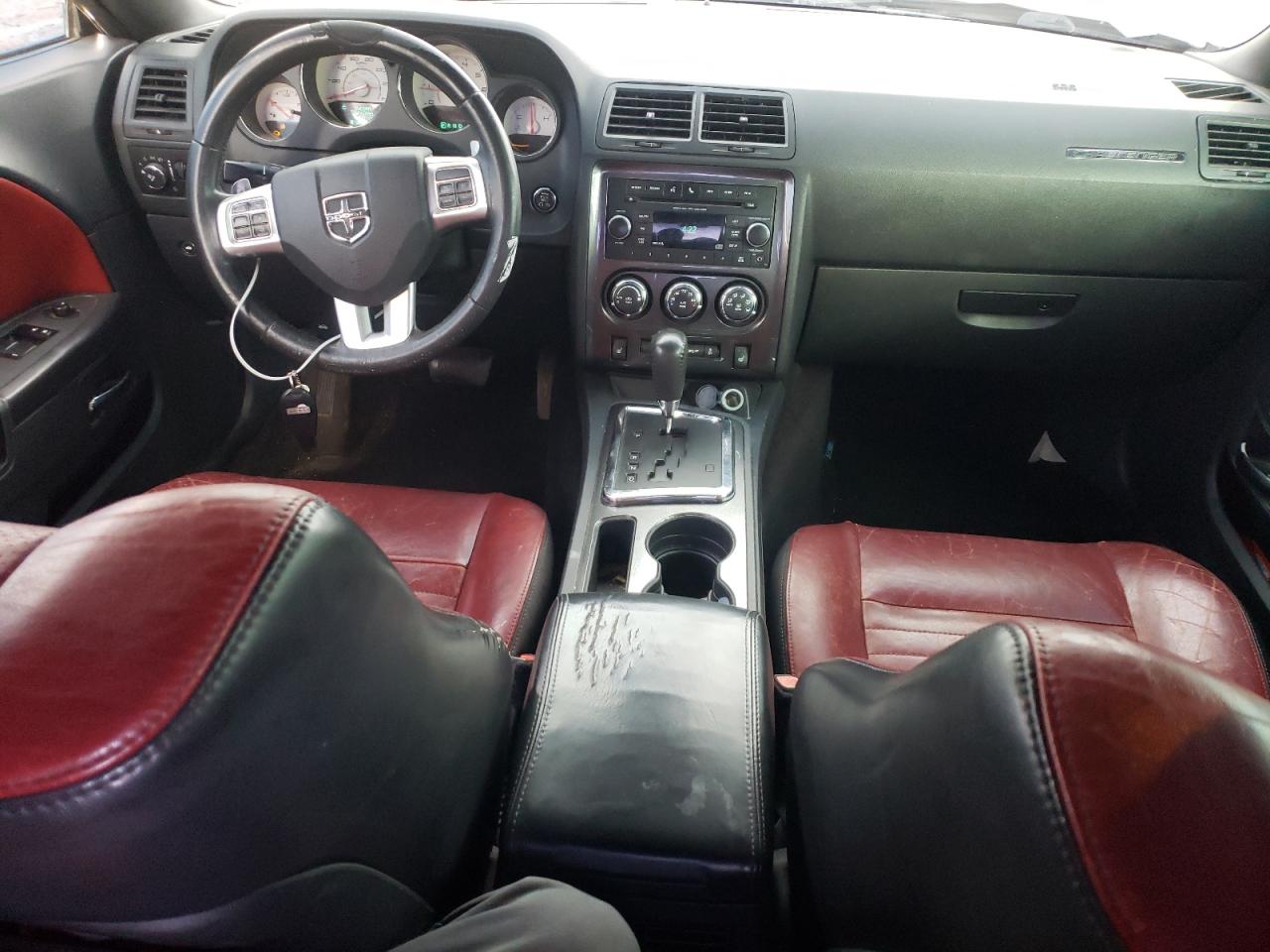 2C3CDYAG3CH269383 2012 Dodge Challenger Sxt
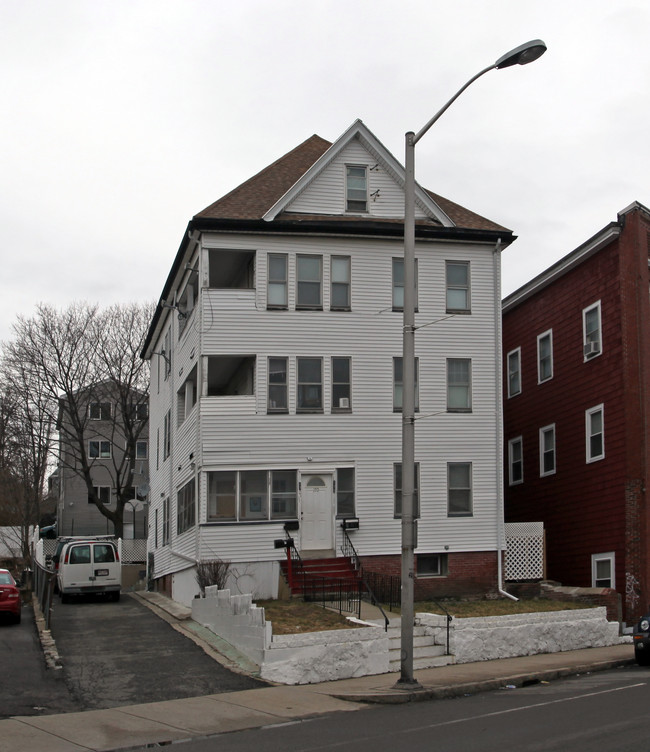 174 Ferry St in Everett, MA - Foto de edificio - Building Photo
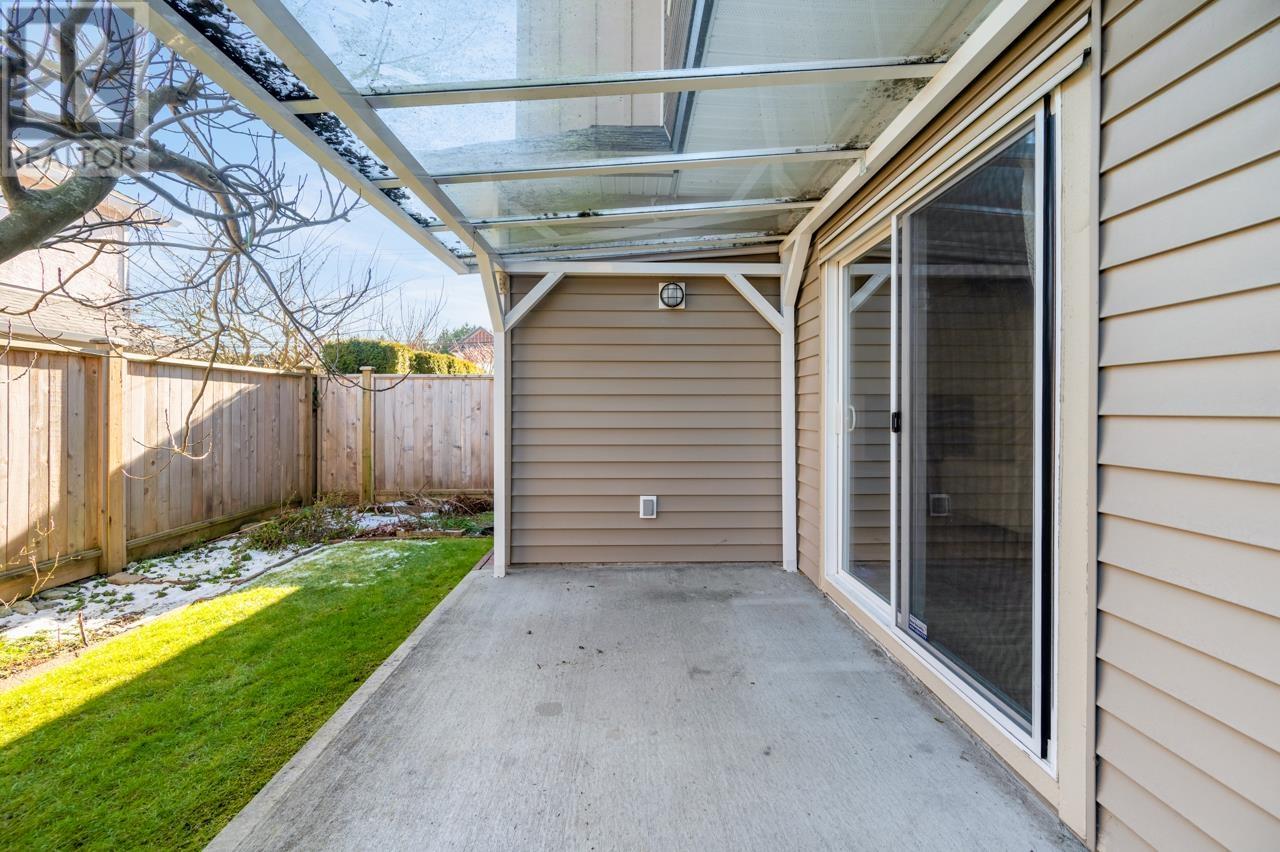 2 8271 FRANCIS ROAD, Richmond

DIRECTIONS FOR THIS TASK ▸ Transcribe the listing in full. Leave the pictures out.

RESULT FOR THIS EXERCISE ▸
 2C3CDYAG3CH269383 2012 Dodge Challenger Sxt
 174 Ferry St in Everett, MA - Foto de edificio - Building Photo
 2 8271 FRANCIS ROAD, Richmond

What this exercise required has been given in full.